WHAT THE TASK ASKS ▸
Reproduce exactly the lines from the top of the records below through the line holding "Mieszkanie Lublin LSM".

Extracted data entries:
-.-.-

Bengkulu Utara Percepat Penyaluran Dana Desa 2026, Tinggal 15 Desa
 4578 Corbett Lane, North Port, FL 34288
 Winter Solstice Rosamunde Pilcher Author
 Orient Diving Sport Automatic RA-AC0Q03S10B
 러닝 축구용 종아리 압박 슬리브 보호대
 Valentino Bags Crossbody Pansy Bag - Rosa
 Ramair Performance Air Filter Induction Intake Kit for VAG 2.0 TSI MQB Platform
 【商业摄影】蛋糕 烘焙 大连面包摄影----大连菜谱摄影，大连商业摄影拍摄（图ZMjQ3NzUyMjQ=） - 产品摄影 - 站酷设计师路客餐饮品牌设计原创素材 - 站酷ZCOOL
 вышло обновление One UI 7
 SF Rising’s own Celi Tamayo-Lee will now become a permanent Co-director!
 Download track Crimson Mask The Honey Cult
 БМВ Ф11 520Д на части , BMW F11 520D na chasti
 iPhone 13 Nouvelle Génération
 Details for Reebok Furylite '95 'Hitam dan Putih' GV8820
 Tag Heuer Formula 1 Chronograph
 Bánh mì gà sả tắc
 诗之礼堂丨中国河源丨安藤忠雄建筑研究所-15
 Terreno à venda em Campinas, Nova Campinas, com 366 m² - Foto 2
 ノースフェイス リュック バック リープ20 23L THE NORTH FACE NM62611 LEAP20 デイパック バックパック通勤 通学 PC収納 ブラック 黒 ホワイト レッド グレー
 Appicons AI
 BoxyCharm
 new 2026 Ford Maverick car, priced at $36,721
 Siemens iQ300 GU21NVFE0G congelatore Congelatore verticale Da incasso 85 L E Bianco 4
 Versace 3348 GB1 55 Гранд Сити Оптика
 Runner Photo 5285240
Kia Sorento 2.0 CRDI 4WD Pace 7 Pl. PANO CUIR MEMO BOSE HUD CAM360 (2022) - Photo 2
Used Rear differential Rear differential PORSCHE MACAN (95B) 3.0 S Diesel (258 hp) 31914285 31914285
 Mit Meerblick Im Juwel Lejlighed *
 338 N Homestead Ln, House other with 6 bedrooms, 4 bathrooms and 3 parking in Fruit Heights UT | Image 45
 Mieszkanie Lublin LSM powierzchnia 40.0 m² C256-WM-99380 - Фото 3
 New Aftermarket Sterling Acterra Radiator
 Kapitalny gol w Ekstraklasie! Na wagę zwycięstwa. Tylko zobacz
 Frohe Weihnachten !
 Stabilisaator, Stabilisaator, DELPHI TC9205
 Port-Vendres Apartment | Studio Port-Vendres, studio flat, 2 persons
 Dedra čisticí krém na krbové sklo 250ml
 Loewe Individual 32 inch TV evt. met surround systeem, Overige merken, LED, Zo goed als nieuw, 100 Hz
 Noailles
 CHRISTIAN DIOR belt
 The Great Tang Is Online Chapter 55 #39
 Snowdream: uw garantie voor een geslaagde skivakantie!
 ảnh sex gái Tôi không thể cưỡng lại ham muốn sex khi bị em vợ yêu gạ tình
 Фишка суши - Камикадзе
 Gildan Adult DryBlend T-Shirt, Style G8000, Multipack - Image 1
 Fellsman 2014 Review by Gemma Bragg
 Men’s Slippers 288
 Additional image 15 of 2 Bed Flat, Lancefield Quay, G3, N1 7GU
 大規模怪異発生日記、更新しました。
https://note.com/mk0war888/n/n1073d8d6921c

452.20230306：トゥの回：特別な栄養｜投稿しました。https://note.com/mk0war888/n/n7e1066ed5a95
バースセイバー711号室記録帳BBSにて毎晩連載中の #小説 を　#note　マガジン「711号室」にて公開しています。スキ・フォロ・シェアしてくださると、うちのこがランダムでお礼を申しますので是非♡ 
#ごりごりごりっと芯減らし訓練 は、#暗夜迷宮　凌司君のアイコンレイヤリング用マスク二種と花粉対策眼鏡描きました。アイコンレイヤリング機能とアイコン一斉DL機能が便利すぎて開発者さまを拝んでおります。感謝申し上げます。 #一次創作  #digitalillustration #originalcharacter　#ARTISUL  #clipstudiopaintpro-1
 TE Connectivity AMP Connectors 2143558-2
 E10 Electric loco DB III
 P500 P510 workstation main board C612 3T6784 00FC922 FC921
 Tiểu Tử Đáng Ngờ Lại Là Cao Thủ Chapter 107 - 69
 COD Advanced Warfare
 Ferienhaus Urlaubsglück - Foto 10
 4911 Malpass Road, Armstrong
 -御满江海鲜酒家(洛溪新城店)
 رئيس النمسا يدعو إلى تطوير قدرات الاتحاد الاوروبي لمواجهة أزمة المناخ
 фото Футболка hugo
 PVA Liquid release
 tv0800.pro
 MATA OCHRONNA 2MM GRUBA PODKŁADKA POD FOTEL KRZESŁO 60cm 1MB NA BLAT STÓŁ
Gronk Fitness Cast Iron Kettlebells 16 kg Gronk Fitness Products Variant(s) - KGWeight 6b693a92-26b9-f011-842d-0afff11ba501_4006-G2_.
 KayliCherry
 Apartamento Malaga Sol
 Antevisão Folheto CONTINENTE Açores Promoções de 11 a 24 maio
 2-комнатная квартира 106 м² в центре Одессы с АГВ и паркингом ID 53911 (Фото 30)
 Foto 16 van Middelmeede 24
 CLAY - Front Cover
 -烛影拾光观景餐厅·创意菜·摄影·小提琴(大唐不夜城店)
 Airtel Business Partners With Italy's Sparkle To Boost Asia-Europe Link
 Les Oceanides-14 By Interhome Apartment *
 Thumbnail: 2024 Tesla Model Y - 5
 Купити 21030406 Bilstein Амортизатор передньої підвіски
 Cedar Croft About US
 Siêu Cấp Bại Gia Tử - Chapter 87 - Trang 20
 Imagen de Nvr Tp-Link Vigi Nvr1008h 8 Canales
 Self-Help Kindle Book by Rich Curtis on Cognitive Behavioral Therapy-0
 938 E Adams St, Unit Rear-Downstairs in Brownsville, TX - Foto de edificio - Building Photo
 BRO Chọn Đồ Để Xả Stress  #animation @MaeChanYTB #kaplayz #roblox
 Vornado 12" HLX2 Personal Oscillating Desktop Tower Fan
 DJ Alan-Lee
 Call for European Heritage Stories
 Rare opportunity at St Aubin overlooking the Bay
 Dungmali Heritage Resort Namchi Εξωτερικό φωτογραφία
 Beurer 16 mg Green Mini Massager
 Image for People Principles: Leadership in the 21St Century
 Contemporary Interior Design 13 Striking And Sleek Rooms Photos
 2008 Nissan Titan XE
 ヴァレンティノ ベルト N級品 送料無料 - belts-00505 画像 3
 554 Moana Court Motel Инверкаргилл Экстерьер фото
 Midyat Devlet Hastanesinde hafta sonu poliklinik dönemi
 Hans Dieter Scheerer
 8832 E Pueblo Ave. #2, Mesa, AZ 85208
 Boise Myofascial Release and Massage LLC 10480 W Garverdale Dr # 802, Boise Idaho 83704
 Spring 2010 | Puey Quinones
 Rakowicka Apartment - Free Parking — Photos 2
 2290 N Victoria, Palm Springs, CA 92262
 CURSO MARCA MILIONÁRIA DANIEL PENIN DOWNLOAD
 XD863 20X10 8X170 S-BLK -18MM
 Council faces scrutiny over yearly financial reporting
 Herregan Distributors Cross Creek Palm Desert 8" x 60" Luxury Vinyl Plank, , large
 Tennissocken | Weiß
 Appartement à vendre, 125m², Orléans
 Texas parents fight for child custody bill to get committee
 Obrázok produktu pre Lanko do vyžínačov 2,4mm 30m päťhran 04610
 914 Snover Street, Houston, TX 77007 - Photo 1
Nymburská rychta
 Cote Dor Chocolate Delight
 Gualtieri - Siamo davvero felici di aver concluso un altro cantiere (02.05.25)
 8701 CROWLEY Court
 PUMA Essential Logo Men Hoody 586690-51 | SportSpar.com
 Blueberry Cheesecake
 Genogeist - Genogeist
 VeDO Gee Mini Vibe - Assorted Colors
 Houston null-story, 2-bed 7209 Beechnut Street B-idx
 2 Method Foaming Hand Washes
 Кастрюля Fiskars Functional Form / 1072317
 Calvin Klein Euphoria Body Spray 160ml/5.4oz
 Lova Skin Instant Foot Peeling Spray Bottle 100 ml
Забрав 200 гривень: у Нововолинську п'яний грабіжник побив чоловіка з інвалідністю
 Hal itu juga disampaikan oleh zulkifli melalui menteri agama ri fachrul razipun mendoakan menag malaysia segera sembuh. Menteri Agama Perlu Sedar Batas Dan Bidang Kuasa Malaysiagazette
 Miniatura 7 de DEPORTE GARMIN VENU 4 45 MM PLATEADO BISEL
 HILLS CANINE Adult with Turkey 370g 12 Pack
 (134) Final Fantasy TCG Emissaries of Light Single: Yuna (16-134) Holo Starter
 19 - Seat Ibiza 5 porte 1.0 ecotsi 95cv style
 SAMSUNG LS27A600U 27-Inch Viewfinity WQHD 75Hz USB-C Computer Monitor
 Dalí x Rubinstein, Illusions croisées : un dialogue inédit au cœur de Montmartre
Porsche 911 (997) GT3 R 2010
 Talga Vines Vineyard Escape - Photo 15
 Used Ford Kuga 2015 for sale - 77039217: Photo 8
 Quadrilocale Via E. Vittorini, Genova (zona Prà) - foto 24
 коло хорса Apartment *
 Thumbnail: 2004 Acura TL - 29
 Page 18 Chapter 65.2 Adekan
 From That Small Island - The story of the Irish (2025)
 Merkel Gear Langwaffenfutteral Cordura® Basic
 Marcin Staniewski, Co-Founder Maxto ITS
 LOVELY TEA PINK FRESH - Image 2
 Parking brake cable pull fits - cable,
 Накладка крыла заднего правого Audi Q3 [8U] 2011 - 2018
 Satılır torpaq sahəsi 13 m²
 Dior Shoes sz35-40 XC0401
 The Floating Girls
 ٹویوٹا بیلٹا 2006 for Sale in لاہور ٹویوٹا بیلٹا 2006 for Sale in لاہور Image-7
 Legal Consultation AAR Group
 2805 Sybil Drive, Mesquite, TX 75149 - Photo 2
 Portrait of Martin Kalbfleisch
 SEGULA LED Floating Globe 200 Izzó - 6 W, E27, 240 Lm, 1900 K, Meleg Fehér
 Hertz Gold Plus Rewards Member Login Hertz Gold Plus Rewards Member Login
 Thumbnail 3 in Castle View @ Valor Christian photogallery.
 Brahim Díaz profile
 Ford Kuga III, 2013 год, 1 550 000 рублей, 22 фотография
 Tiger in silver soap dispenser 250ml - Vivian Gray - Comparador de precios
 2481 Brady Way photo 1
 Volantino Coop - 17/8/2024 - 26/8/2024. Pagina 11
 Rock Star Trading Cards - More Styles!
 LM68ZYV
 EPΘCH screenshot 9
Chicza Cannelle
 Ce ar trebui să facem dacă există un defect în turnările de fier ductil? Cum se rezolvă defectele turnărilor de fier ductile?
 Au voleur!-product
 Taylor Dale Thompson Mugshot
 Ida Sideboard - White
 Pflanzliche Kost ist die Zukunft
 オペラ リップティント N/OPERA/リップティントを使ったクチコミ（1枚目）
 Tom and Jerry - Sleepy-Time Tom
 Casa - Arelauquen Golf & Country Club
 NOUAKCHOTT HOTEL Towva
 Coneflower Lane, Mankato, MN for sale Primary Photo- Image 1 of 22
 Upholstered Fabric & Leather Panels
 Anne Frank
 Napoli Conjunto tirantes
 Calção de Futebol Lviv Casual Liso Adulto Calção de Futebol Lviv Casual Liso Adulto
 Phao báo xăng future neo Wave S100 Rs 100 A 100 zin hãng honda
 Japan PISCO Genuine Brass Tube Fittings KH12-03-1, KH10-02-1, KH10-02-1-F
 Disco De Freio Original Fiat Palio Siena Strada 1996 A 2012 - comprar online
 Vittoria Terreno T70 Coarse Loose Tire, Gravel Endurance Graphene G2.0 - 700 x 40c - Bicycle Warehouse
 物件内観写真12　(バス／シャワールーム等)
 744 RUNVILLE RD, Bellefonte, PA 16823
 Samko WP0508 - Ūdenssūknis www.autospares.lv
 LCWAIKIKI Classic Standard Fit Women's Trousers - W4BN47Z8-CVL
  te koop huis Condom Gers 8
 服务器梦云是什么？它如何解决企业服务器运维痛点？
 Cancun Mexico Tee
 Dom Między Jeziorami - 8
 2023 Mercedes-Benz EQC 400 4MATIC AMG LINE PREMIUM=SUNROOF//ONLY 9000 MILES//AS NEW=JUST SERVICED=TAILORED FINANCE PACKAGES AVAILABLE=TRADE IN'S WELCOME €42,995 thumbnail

-.-.-

WRITTEN ANSWER ▸
Bengkulu Utara Percepat Penyaluran Dana Desa 2026, Tinggal 15 Desa
 4578 Corbett Lane, North Port, FL 34288
 Winter Solstice Rosamunde Pilcher Author
 Orient Diving Sport Automatic RA-AC0Q03S10B
 러닝 축구용 종아리 압박 슬리브 보호대
 Valentino Bags Crossbody Pansy Bag - Rosa
 Ramair Performance Air Filter Induction Intake Kit for VAG 2.0 TSI MQB Platform
 【商业摄影】蛋糕 烘焙 大连面包摄影----大连菜谱摄影，大连商业摄影拍摄（图ZMjQ3NzUyMjQ=） - 产品摄影 - 站酷设计师路客餐饮品牌设计原创素材 - 站酷ZCOOL
 вышло обновление One UI 7
 SF Rising’s own Celi Tamayo-Lee will now become a permanent Co-director!
 Download track Crimson Mask The Honey Cult
 БМВ Ф11 520Д на части , BMW F11 520D na chasti
 iPhone 13 Nouvelle Génération
 Details for Reebok Furylite '95 'Hitam dan Putih' GV8820
 Tag Heuer Formula 1 Chronograph
 Bánh mì gà sả tắc
 诗之礼堂丨中国河源丨安藤忠雄建筑研究所-15
 Terreno à venda em Campinas, Nova Campinas, com 366 m² - Foto 2
 ノースフェイス リュック バック リープ20 23L THE NORTH FACE NM62611 LEAP20 デイパック バックパック通勤 通学 PC収納 ブラック 黒 ホワイト レッド グレー
 Appicons AI
 BoxyCharm
 new 2026 Ford Maverick car, priced at $36,721
 Siemens iQ300 GU21NVFE0G congelatore Congelatore verticale Da incasso 85 L E Bianco 4
 Versace 3348 GB1 55 Гранд Сити Оптика
 Runner Photo 5285240
Kia Sorento 2.0 CRDI 4WD Pace 7 Pl. PANO CUIR MEMO BOSE HUD CAM360 (2022) - Photo 2
Used Rear differential Rear differential PORSCHE MACAN (95B) 3.0 S Diesel (258 hp) 31914285 31914285
 Mit Meerblick Im Juwel Lejlighed *
 338 N Homestead Ln, House other with 6 bedrooms, 4 bathrooms and 3 parking in Fruit Heights UT | Image 45
 Mieszkanie Lublin LSM powierzchnia 40.0 m² C256-WM-99380 - Фото 3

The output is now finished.